Cole and Rawlins do find some work on the ranch of a rich Mexican (Ruben Blades), with Cole catching the eye of his lovely daughter Alejandra (Penelope Cruz). Although Cole impresses the father, her aunt frowns on their relationship, doing what she can to warn him off as well as trying to reason with him to leave Alejandra's reputation unsoiled, especially by a manual laborer such as himself. The two guys get arrested later as accomplices to murder and horse thieving with Blevins. Cole does his utmost to defend himself as well as the others, while trying to stay alive in the seedy and bleak prison setting.

While the acting is not bad (although Damon and Thomas' accents are not that great, the supporting cast are pretty good in their roles), the plot and script feels really contrived and watered down, and the character arcs are like so many other films.
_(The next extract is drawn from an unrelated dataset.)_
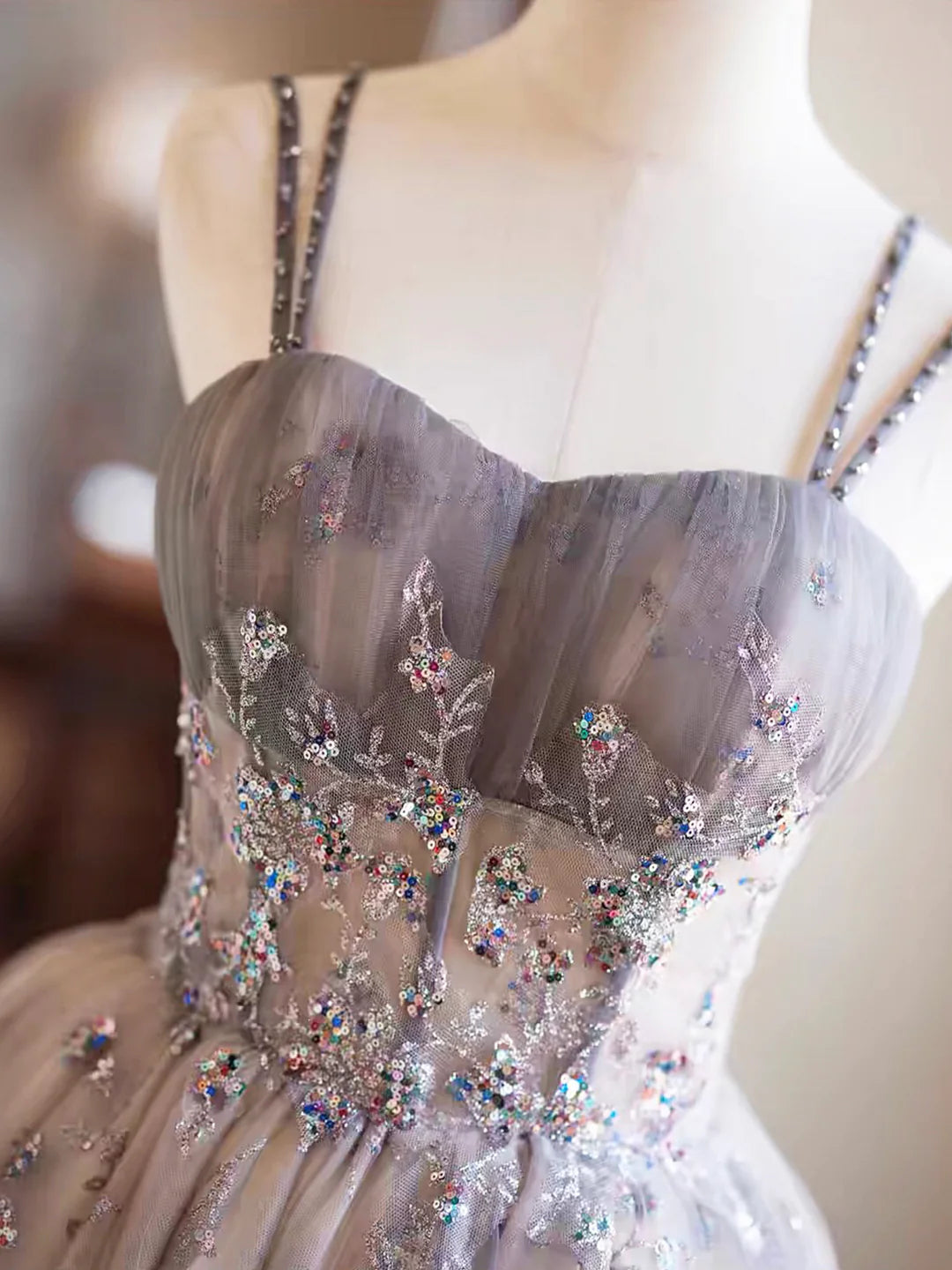Chic Homecoming Dress Spaghetti Straps Tulle Applique Short Prom Dress Back to School Outfits Party Dress  D6040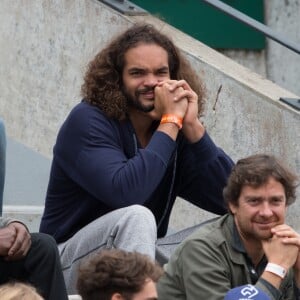 Joakim Noah et son grand père Zacharie Noah - Yannick Noah dispute le trophée des légendes devant sa famille lors des internationaux de France de tennis à Roland Garros à Paris le 4 juin 2016. © Moreau - Jacovides / Bestimage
Cole goes through a sort of coming of age as he experiences cruelties and life lessons (he's supposed to be in his teens), but his romance with Alejandra is really bland and nothing is really original about it--they're just two attractive people brought together by happenstance and hormones and the film doesn't show that they have anything in common. Cole also seems to have a lot of skills that the film doesn't really give any history to, until he needs to fight or shoot or whatever; the film doesn't show enough backstory to him or any of the other characters nor any kind of historical elements that would let us know what might be going on in Texas or Mexico. Characters come and go in the vicinity of Cole's life but once they are not physically in the picture, the film doesn't mention them at all. Like when Cole is in jail, there's no moping about Alejandra, or no real worrying about his fate. A connective emotion for the audience seems to be missing throughout the film.

The film is very good looking, with a nice rustic feel and keeping to unglamorous sets such as the cantina, the prison and the bunkhouses. Lucas Black as Blevins was a believable cowboy character but he felt incidental to the plot and Cole's story; his character is the catalyst that brings trouble upon them, but he like the others are not referred to often enough. The actress who played the grandmother was also good. I liked the small moment when an old man who Cole had helped comes back to help him.